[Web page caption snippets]

--- START ---

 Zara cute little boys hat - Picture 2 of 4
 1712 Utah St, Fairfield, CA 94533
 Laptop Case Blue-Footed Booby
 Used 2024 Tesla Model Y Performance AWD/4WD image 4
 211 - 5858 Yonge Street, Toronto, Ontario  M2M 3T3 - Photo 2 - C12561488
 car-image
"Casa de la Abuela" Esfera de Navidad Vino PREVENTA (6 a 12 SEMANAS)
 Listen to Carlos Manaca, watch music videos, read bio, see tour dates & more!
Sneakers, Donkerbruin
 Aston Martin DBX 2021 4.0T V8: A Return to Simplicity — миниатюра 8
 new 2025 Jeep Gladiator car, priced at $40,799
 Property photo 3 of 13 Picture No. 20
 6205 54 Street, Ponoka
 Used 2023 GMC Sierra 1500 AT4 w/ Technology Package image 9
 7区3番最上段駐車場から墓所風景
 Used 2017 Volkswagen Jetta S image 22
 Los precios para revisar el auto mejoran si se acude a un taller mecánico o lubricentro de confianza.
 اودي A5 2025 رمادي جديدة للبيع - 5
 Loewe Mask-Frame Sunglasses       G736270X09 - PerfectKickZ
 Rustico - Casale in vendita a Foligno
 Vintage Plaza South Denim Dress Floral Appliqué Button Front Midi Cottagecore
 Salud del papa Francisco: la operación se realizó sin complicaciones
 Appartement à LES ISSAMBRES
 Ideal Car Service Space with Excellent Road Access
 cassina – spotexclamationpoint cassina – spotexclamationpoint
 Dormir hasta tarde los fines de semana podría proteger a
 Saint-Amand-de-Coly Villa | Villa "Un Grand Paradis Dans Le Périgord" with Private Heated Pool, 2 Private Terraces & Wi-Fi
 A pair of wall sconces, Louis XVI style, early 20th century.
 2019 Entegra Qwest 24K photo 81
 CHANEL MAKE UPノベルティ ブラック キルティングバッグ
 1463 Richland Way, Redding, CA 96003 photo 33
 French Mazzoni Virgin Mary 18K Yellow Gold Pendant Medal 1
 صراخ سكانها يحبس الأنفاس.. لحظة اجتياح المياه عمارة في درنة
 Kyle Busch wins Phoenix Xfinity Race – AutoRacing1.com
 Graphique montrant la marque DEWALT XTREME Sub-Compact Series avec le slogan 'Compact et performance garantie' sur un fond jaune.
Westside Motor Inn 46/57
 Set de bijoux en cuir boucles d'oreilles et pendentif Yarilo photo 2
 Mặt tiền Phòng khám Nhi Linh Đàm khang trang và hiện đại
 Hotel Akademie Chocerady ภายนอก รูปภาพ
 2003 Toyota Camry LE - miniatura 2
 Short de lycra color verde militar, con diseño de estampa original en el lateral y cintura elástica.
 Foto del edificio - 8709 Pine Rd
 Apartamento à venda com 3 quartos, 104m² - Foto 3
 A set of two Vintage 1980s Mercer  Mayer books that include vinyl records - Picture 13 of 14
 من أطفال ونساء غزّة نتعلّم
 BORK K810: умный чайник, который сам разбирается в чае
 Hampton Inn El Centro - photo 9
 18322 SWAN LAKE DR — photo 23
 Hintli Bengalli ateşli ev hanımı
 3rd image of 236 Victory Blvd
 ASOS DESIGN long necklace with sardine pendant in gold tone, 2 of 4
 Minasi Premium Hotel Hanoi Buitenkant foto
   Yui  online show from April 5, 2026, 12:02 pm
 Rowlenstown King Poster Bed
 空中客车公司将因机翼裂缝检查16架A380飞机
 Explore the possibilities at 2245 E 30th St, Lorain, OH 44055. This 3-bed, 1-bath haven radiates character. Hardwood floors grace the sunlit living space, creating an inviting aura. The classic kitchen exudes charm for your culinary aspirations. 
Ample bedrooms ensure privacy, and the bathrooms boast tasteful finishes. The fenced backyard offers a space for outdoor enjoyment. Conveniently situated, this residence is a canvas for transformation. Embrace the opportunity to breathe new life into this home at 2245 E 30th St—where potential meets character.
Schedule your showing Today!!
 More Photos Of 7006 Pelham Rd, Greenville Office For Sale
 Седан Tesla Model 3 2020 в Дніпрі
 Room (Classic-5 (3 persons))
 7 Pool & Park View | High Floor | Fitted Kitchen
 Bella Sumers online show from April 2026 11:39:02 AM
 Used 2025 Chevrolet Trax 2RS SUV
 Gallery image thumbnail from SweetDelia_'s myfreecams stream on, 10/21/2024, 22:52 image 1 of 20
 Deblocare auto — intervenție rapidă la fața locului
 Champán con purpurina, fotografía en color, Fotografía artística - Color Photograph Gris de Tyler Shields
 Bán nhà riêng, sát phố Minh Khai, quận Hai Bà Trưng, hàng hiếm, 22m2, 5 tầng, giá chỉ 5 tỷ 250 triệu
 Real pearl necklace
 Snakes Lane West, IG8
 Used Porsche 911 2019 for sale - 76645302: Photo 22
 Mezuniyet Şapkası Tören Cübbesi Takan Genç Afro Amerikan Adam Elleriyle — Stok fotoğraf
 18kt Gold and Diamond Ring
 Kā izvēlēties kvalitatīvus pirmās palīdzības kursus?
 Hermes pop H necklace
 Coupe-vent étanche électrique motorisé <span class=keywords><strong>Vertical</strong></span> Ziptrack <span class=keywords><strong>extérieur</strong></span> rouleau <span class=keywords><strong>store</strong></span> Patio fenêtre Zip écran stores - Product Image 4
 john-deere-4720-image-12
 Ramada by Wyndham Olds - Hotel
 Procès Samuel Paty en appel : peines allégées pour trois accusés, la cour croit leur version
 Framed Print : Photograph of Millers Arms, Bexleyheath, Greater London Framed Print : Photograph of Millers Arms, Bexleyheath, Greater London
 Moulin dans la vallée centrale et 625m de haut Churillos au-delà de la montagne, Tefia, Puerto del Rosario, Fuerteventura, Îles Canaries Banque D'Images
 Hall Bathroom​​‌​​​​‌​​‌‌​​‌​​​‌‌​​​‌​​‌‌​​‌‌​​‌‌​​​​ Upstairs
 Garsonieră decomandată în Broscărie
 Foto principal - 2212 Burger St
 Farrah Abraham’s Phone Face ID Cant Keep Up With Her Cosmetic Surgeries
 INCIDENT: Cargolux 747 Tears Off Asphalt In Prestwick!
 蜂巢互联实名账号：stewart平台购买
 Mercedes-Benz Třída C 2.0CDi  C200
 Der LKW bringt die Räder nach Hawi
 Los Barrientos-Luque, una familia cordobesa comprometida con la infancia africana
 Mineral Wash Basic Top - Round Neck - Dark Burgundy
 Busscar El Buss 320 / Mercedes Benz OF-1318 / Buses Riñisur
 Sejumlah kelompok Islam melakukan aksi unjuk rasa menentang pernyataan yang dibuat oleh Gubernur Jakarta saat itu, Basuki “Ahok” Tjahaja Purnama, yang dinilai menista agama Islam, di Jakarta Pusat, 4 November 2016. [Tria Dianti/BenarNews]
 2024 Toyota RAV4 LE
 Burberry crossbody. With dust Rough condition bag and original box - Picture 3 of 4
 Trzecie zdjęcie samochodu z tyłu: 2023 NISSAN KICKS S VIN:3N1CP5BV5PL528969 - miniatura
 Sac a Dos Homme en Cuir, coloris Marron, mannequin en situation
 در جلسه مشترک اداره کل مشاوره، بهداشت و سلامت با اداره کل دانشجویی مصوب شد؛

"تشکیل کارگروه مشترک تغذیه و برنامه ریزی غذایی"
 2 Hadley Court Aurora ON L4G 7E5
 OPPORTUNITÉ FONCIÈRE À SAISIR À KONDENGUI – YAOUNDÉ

--- END ---

> _What to work on_
Give back the records word for word. Start at the first line, end at the line containing "1463 Richland Way, Redding, CA", and include both.

> _Written response_
 Zara cute little boys hat - Picture 2 of 4
 1712 Utah St, Fairfield, CA 94533
 Laptop Case Blue-Footed Booby
 Used 2024 Tesla Model Y Performance AWD/4WD image 4
 211 - 5858 Yonge Street, Toronto, Ontario  M2M 3T3 - Photo 2 - C12561488
 car-image
"Casa de la Abuela" Esfera de Navidad Vino PREVENTA (6 a 12 SEMANAS)
 Listen to Carlos Manaca, watch music videos, read bio, see tour dates & more!
Sneakers, Donkerbruin
 Aston Martin DBX 2021 4.0T V8: A Return to Simplicity — миниатюра 8
 new 2025 Jeep Gladiator car, priced at $40,799
 Property photo 3 of 13 Picture No. 20
 6205 54 Street, Ponoka
 Used 2023 GMC Sierra 1500 AT4 w/ Technology Package image 9
 7区3番最上段駐車場から墓所風景
 Used 2017 Volkswagen Jetta S image 22
 Los precios para revisar el auto mejoran si se acude a un taller mecánico o lubricentro de confianza.
 اودي A5 2025 رمادي جديدة للبيع - 5
 Loewe Mask-Frame Sunglasses       G736270X09 - PerfectKickZ
 Rustico - Casale in vendita a Foligno
 Vintage Plaza South Denim Dress Floral Appliqué Button Front Midi Cottagecore
 Salud del papa Francisco: la operación se realizó sin complicaciones
 Appartement à LES ISSAMBRES
 Ideal Car Service Space with Excellent Road Access
 cassina – spotexclamationpoint cassina – spotexclamationpoint
 Dormir hasta tarde los fines de semana podría proteger a
 Saint-Amand-de-Coly Villa | Villa "Un Grand Paradis Dans Le Périgord" with Private Heated Pool, 2 Private Terraces & Wi-Fi
 A pair of wall sconces, Louis XVI style, early 20th century.
 2019 Entegra Qwest 24K photo 81
 CHANEL MAKE UPノベルティ ブラック キルティングバッグ
 1463 Richland Way, Redding, CA 96003 photo 33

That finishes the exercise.